[[ DATA EXCERPT open ]]

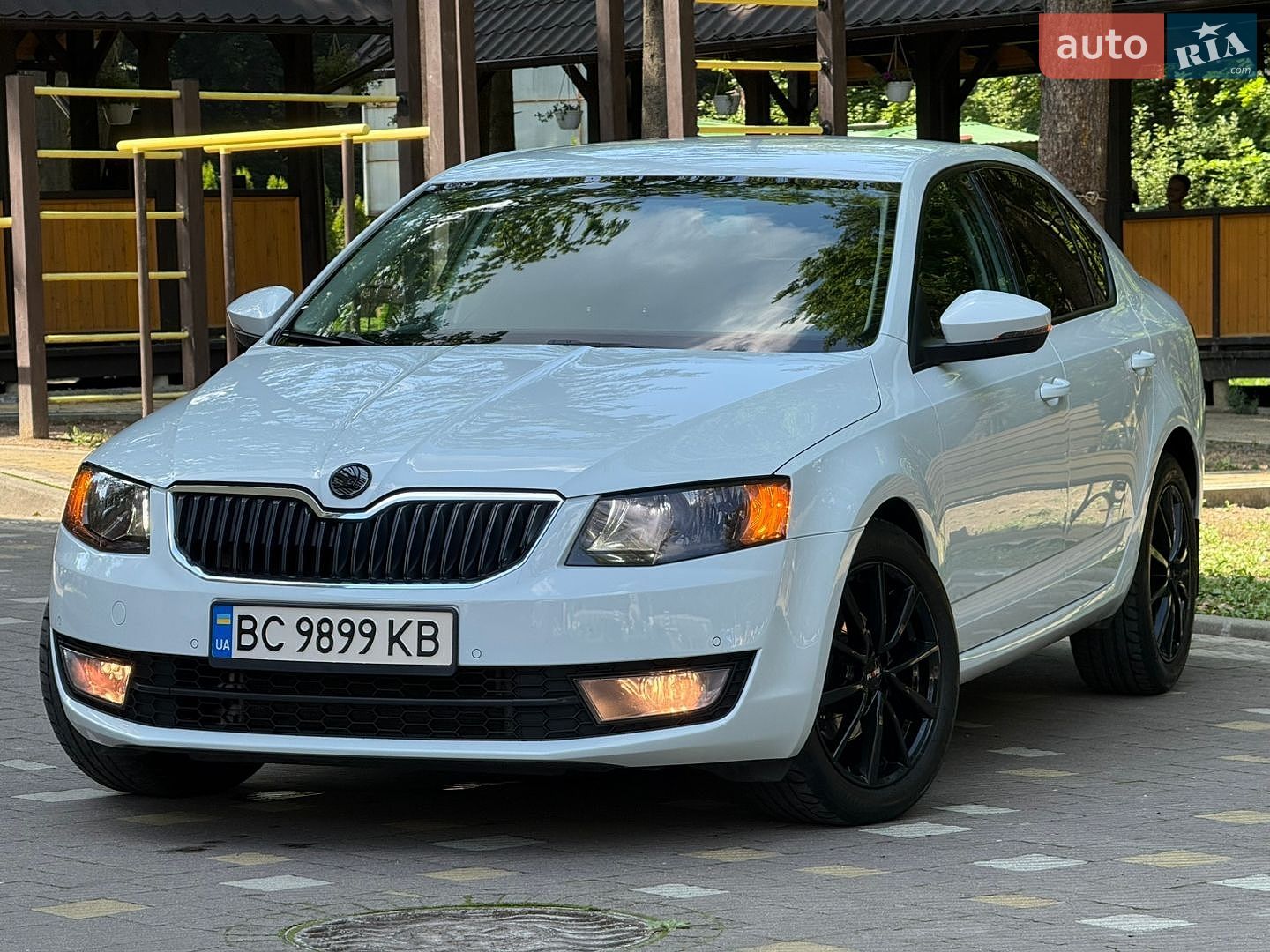 Skoda Octavia 2016 VIN TMBAJ7NE5H0093656 фото оголошення 5 з 195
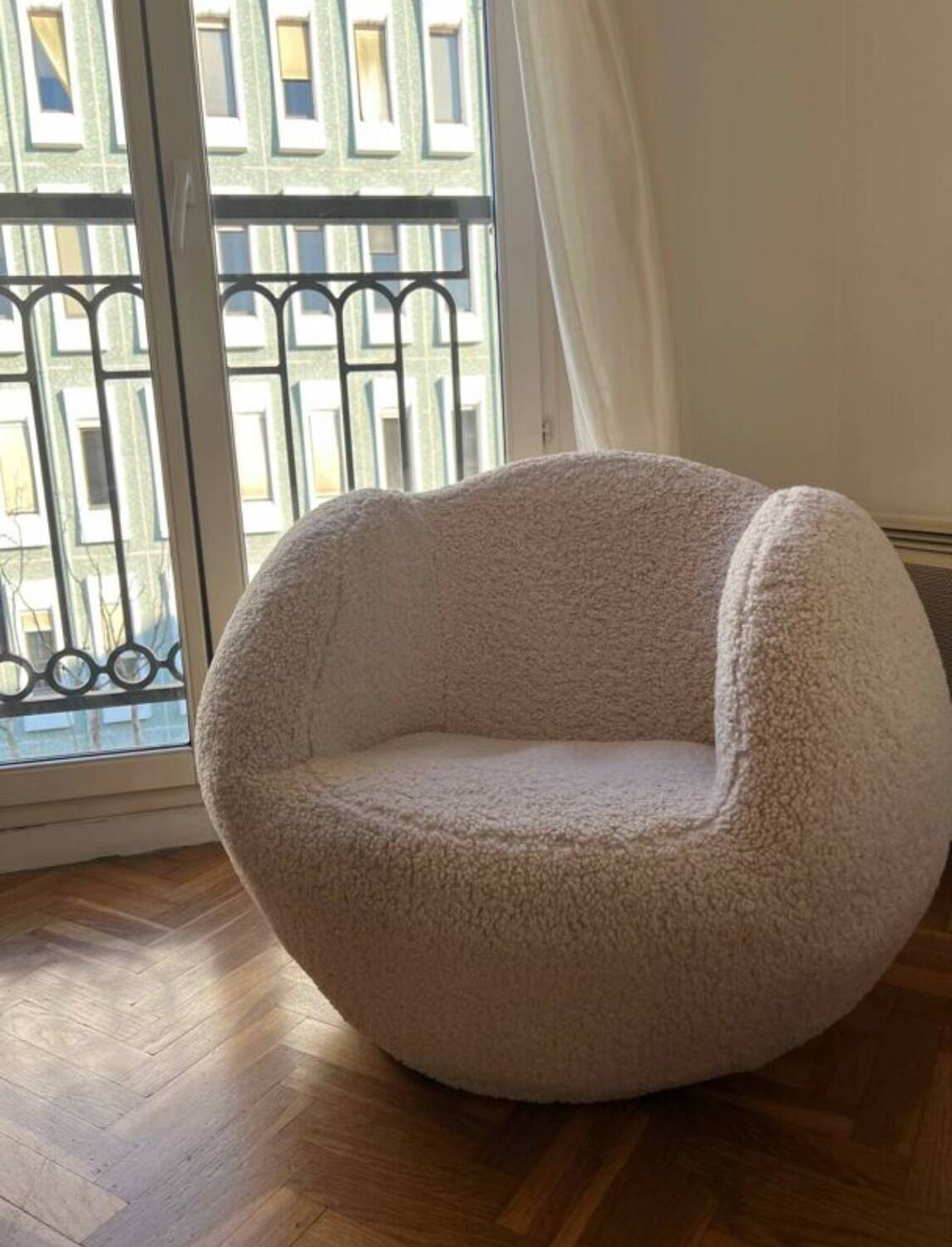 Vintage armchair "Mochi"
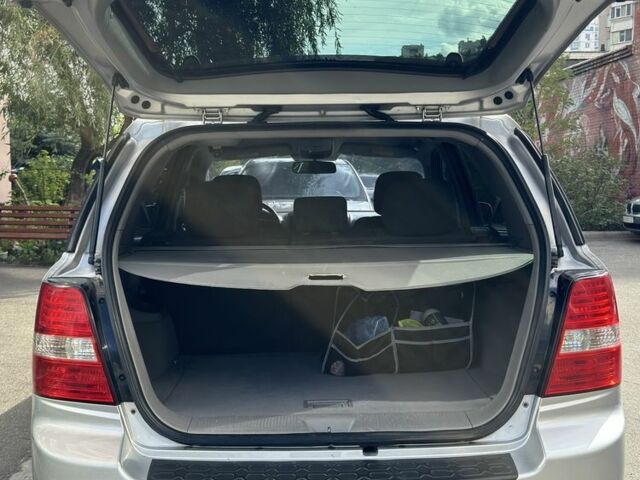 Серый Киа Соренто, объемом двигателя 2.5 л и пробегом 260 тыс. км за 5300 $, фото 8 на Automoto.ua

[[ DATA EXCERPT closed ]]

■ DIRECTIONS:
Repeat each line above exactly. The pictures stay out.

■ SOLUTION TO THIS PROBLEM:
 Skoda Octavia 2016 VIN TMBAJ7NE5H0093656 фото оголошення 5 з 195
 Vintage armchair "Mochi"
 Серый Киа Соренто, объемом двигателя 2.5 л и пробегом 260 тыс. км за 5300 $, фото 8 на Automoto.ua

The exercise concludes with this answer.